- Born: May 1, 1906 Sacramento, California
- Died: February 1, 2004 (aged 97) New York City, New York, U.S.
- Known for: Dance and choreography
- Movement: Modern dance

= May O'Donnell =

Dancer and choreographer

May O'Donnell (May 1, 1906 – February 1, 2004) was an American modern dancer and choreographer.

Born in Sacramento, California, May O'Donnell studied dance in San Francisco with Estelle Reed and performed in Reed's company before moving to New York City to study with Martha Graham.
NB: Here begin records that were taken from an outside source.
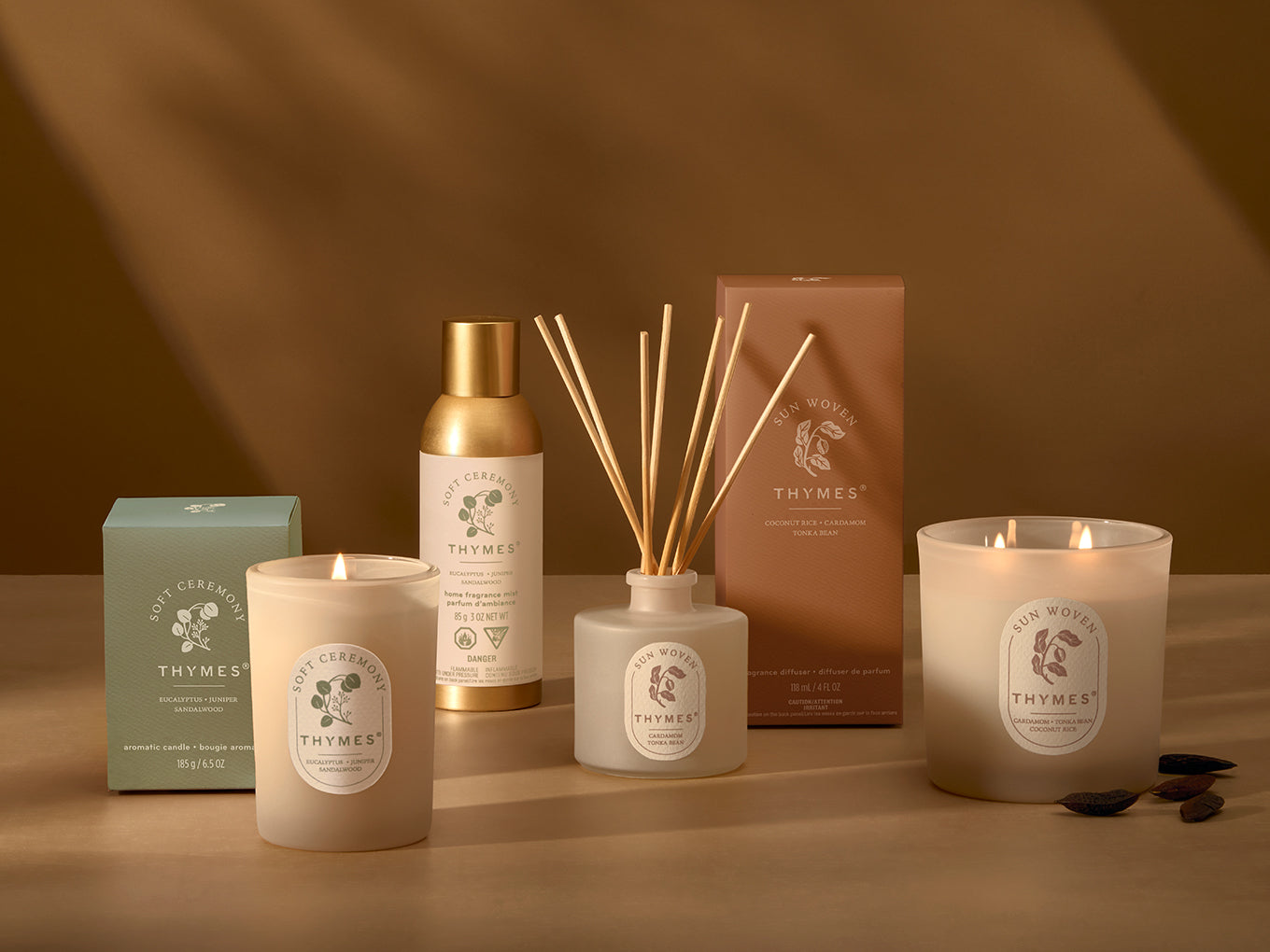 Collection of Thymes products including candles, diffuser, and boxes on a brown background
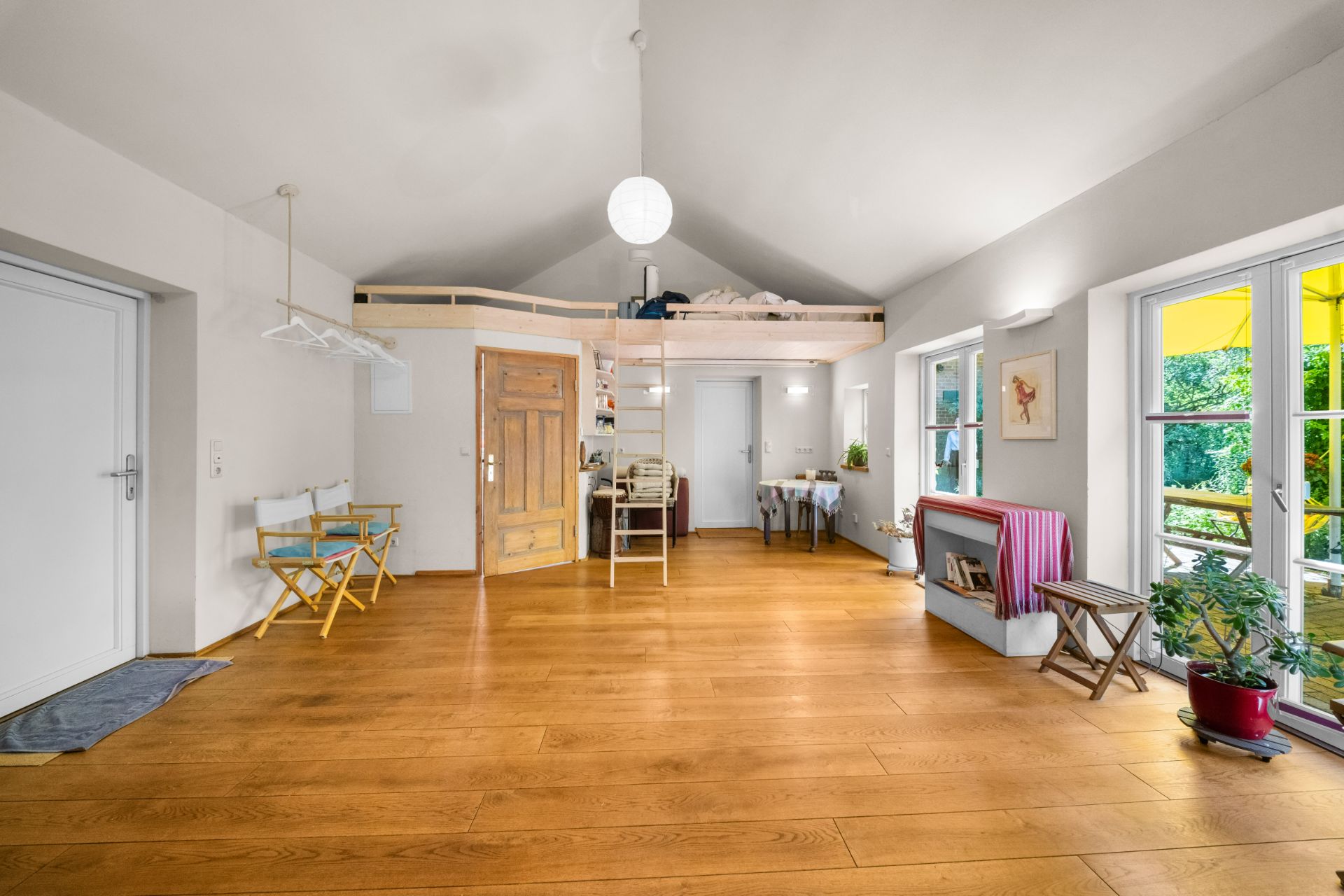 Helles Wohnzimmer mit Holzfußboden, Hochbett, großen Fenstern und Pflanzen.
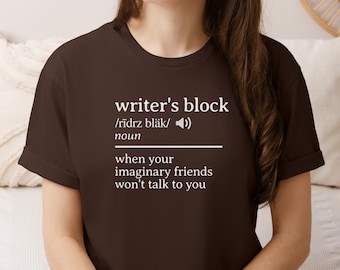 May include: A brown t-shirt with the words "writer's block" in white, along with a phonetic pronunciation and definition. The definition reads "when your imaginary friends won't talk to you."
O'Donnell was a member of the Martha Graham Dance Company from 1932 until 1938.

In 1939, she returned to California and, with her husband, the composer Ray Green, and another former Graham dancer, Gertrude Shurr, founded the San Francisco Dance Theater. In 1941, O'Donnell joined creative forces with Jose Limon in a dance duo until 1942. She worked with the Graham Company again from 1944 to 1952 as a guest artist, at which time she created several roles notably the Pioneering Woman in "Appalachian Spring", Attendant in "Herodiade" (1944), She of the Earth in "Dark Meadow" (1946), and Chorus in "Cave of the Heart" (1946). In the mid-1940s she established the O'Donnell-Shurr Modern Dance Studio with Gertrude Shurr and continued the development of her own dance repertory.

Throughout her career O'Donnell created 50 documented dances, from 1937 to 1988. Notably, in 1943 O'Donnell choreographed a modern-dance classic, "Suspension", a thirteen-minute composition. The dance was inspired by her memory of seeing a plane below the hilltop on which she was standing in wartime California. That work was best explained, she felt, by T. S. Eliot's observation in Four Quartets that "At the still point of the turning world . . . . there the dance is." She often included T. S. Eliot's words in the program notes. In the piece, dancers moved slowly amid large boxes under a turning mobile.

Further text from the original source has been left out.